We start counting our age from the day of our birth, but if we think on that for a moment we realize that’s not, technically, accurate. Life begins at conception, not birth, so most of us are nine months older than we’ve been owning up to. But in the case of little Emma Gibson, the difference between conception and birth wasn’t nine months, it was just over 24 years. When she was born this past November, she was already 25 years old because Emma had been conceived, via in vitro fertilization (IVF), back in 1992. And at that time her adoptive mother, Tina Gibson, was just 18 months old.

Since 1992 Emma had been left in frozen storage. As WORLD magazine’s Jamie Dean reported, Emma isn’t the only child that’s been left waiting.

At least 600,000 embryos sit frozen in storage facilities across the United States, according to the Department of Health and Human Services. Some reproductive experts believe the number is closer to 1 million.

Canadian estimates are hard to come by, but a 2014 CBC article put the number at 60,000.

To the world, these hundreds of thousands of embryos are a legal headache. While they don’t acknowledge them as human, they do seem to recognize there is something special about them, which is why so many of these children are not being destroyed but being indefinitely stored, without plans as for what to do with them.
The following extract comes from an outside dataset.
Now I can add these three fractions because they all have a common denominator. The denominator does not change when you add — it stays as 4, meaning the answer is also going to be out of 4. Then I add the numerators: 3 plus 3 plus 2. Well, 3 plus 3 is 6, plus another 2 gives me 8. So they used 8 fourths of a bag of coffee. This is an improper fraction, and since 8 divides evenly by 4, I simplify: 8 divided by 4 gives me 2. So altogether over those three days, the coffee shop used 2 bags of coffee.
Emma’s rescue underscores the opportunity Christian couples have to save embryonic children via what’s called “snowflake adoption” – a frozen embryo can be thawed, and if it survives that thawing, can then be implanted in its adopted mother’s womb and, hopefully, carried to term.
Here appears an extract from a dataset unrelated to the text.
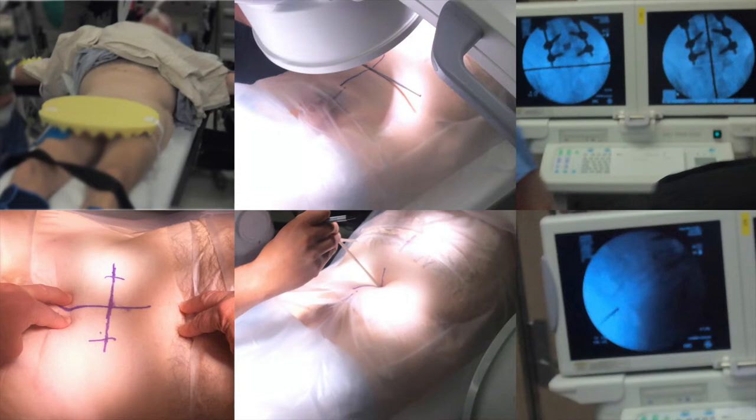Positioning a patient for an ALIF: the patient is placed supine on a radiolucent flat top table that we can fluoro through, with arms out to the sides. The patient is then placed into Trendelenburg to allow the abdominal contents to slide cranially, and the abdomen is then prepped and draped in usual fashion.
But even as Christians are involved in rescuing children from this frozen state, what should we think about IVF for our own infertility treatments? When couples struggle with infertility, IVF is presented as a near miraculous means to help them get the baby they’ve been yearning for. IVF is all about babies, and we’re pro-life, so we’re all about babies too! On the face of it, IVF would seem a life-affirming medical procedure.

But there is a reason hundreds of thousands of children are left frozen, waiting to be born. IVF, as it is commonly done, involves the intentional creation of “excess” embryos – the creation of more children than will be implanted in their mother’s womb. That’s not how it has to be done, but that’s how it is done most of the time for reasons of cost effectiveness. These embryos then face one of four fates:

  • Any that seem abnormal are, as a rule, “discarded” – British numbers indicate that this happens to roughly half the children.
  • Some are implanted in the mother.
  • A small number are donated to science for experimentation (where they are killed).
  • The rest are left in a frozen state, waiting to be born. But unless something dramatic happens – unless “snowflake adoptions” start happening by the hundreds of thousands – the most likely fate for these children is eventual death.

Christian couples struggling with infertility need to understand that the IVF industry offers hope, but has a great darkness to it. We don’t think of IVF doctors as abortionists, but when we recognize that life begins at conception then it’s no slur to make the comparison. Abortionists kill half their patients and it seems the same, or worse, can be said about IVF doctors too.

So, of course, to rescue babies like Emma, we’ll need help from this IVF industry – there is a right way that IVF can be done. But we mustn’t be naïve about the darkness underlying this industry, lest, in our ignorance, we get caught up in it.